Indem Redakteure, wie auch in diesem Fall, bewusst nur eine Abbildung auswählen, meist ist es das Logo, steuern sie ganz gezielt die Annahme, die Gesamtkosten entfielen auf die Erstellung des Logos. Während bei jedem Stadtfest, bei jeder Veranstaltung und selbst bei Meldungen über Verkehrsunfällen gleich eine ganze Bildergalerie dargereicht wird, wird ausgerechnet bei einem Thema wie diesem, das sich umso mehr erschließt, je mehr visuelle Eindrücke man präsentiert bekommt, auf die Abbildung von Anwendungsbeispielen verzichtet. Schlampigkeit zeigt sich nicht nur in dem, was geschrieben wird, sondern vor allem auch in dem, was nicht geschrieben und gezeigt wird.
Dann sind wir wohl einfach unterschiedlicher Meinung, was das angeht. Ich empfinde es, wie gesagt, als pauschalisierend und unfair, die Berichterstattung als „vorwiegend schlampig und undifferenziert“ zu qualifizieren. Das tut den Journalisten so sehr Unrecht, wie du offenbar das Gefühl hast, dass der Arbeit von Edenspiekermann hier Unrecht getan wird.

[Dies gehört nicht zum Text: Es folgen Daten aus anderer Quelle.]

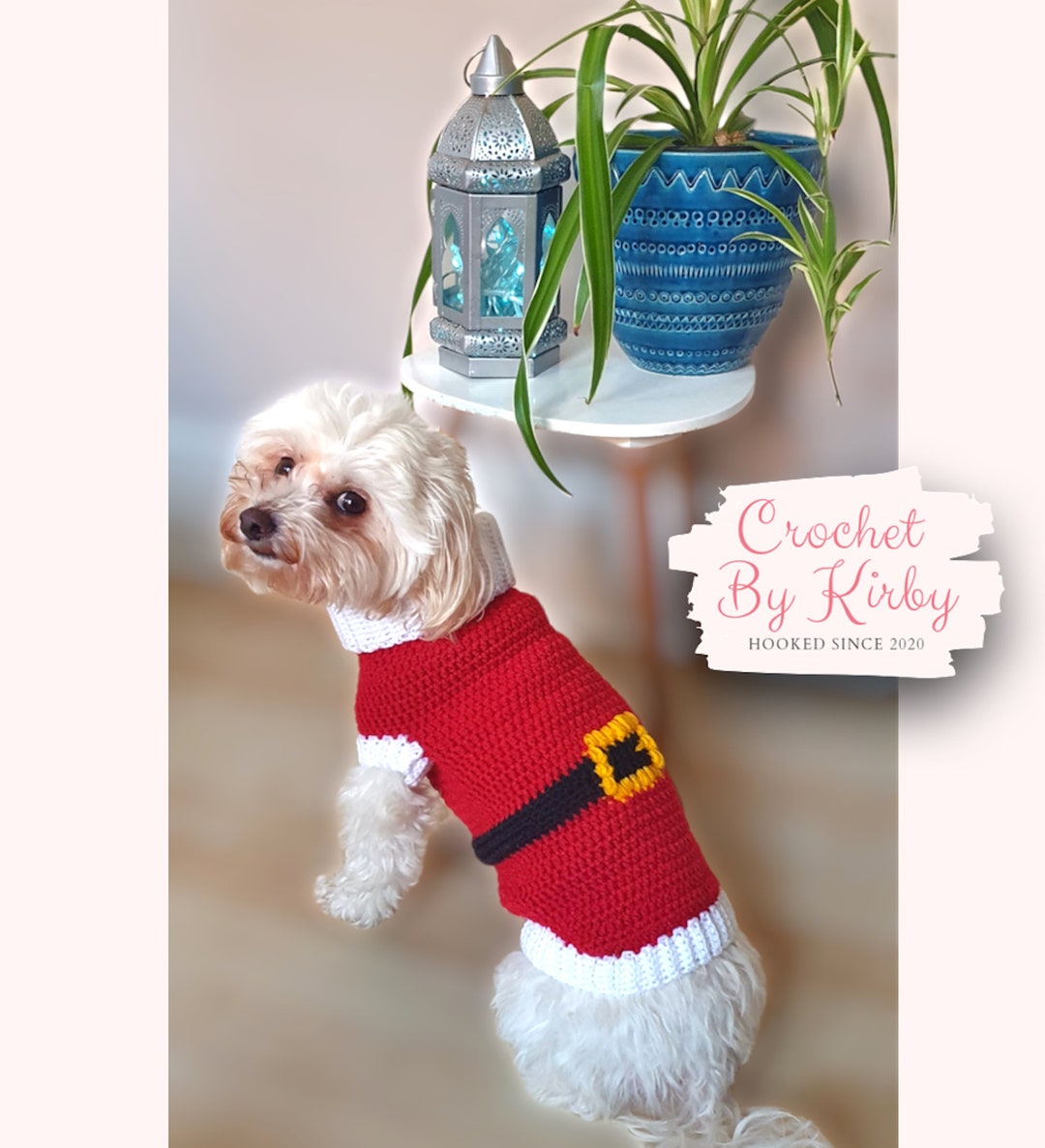 Santa Dog Sweater Easy Crochet Pattern Beginner XS Small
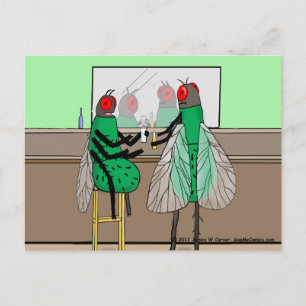 "Bar Flies" vykort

Die Artikel, die angeführt werden, sind in ihrer Güte meines Erachtens völlig unterschiedlich – von differenziert (etwa die Rubrik “ºNext checkt“¹ in nrc.next, leider hinter der Paywall) über durchschnittlich (De Telegraaf, wo Überschrift und Text akzeptabel sind, aber die Bildunterschrift enttäuscht) und grenzwertig (der RTL-Beitrag, der sensationsheischend anfängt, aber das letzte, erläuternde Wort Edo van Dijk überlässt) bis zu irreführend (NOS.nl, wo lange der Eindruck bestehen bleibt, es gehe nur um „het nieuwe logo“). Der Vorwurf, dass teilweise „ganz gezielt die Annahme“ gesteuert werde, 100.000 Euro entfielen nur auf das neue Logo, geht meines Erachtens zu weit. Natürlich gibt es verkürzende, schludrige Artikel über Redesigns, aber dass dahinter eine bewusste Strategie stecken soll, um Empörung zu erzeugen oder die Designindustrie in ein schlechtes Licht zu rücken, ist mir, ohne Belege, zu verschwörungstheoretisch.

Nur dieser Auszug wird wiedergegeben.